:: Activity ::
In this exercise, return the whole listing exactly, excluding any images.

:: Dataset section ::
%%

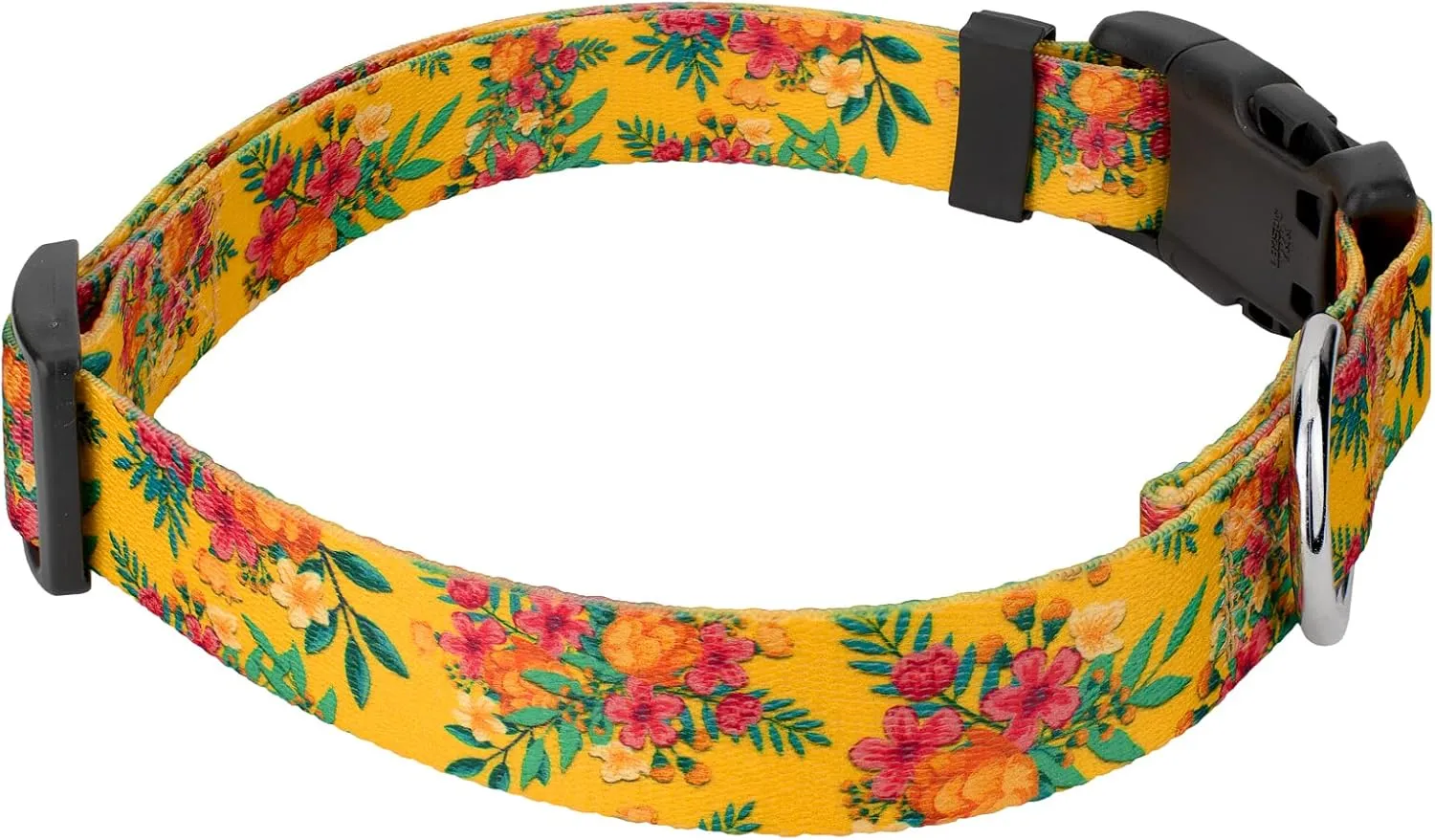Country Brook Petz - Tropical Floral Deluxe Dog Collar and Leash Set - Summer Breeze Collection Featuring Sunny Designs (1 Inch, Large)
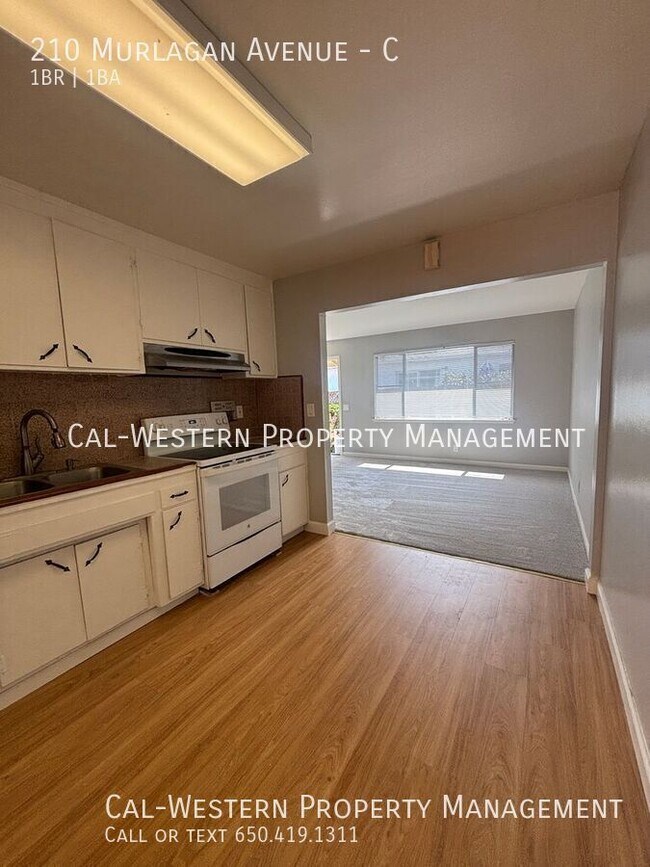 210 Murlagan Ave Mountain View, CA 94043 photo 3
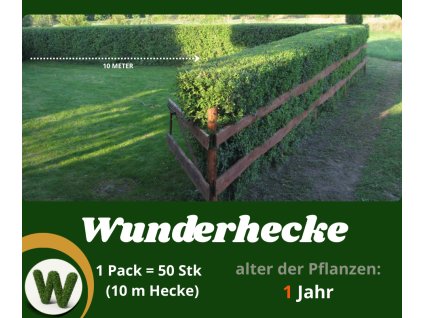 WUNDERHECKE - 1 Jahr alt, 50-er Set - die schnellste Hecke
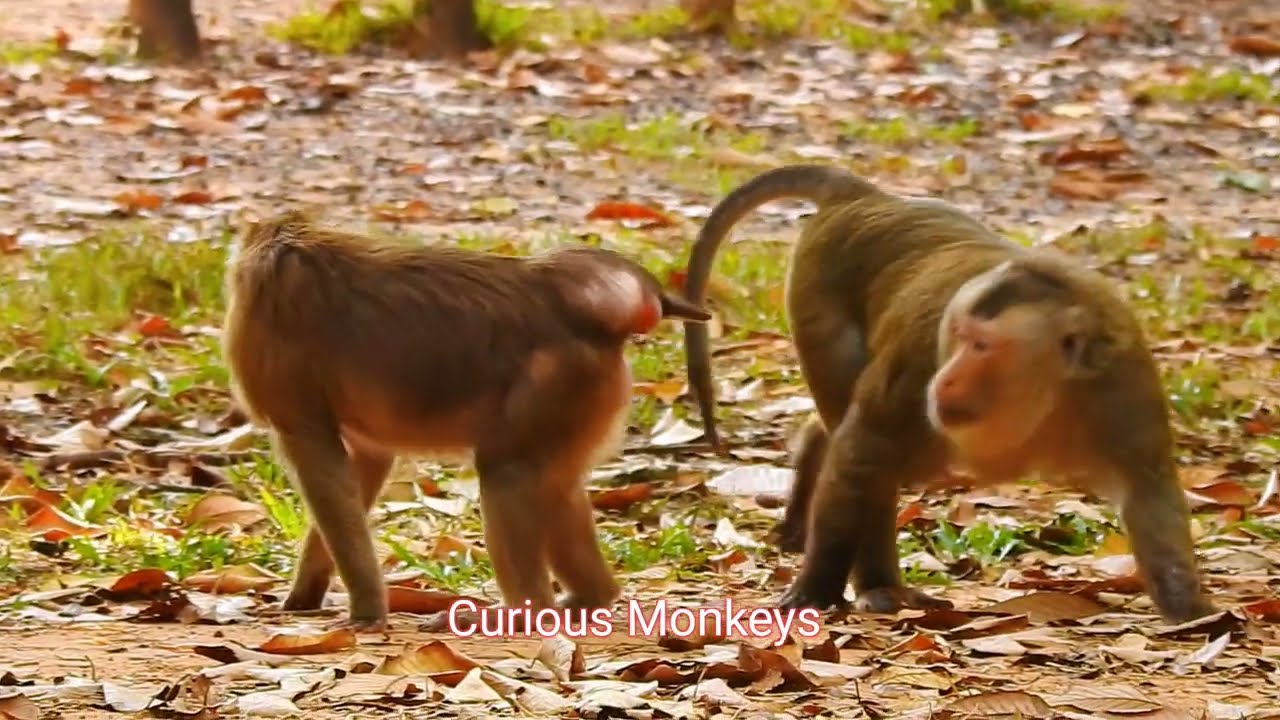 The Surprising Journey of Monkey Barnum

%%

:: Your response ::
Country Brook Petz - Tropical Floral Deluxe Dog Collar and Leash Set - Summer Breeze Collection Featuring Sunny Designs (1 Inch, Large)
 210 Murlagan Ave Mountain View, CA 94043 photo 3
 WUNDERHECKE - 1 Jahr alt, 50-er Set - die schnellste Hecke
 The Surprising Journey of Monkey Barnum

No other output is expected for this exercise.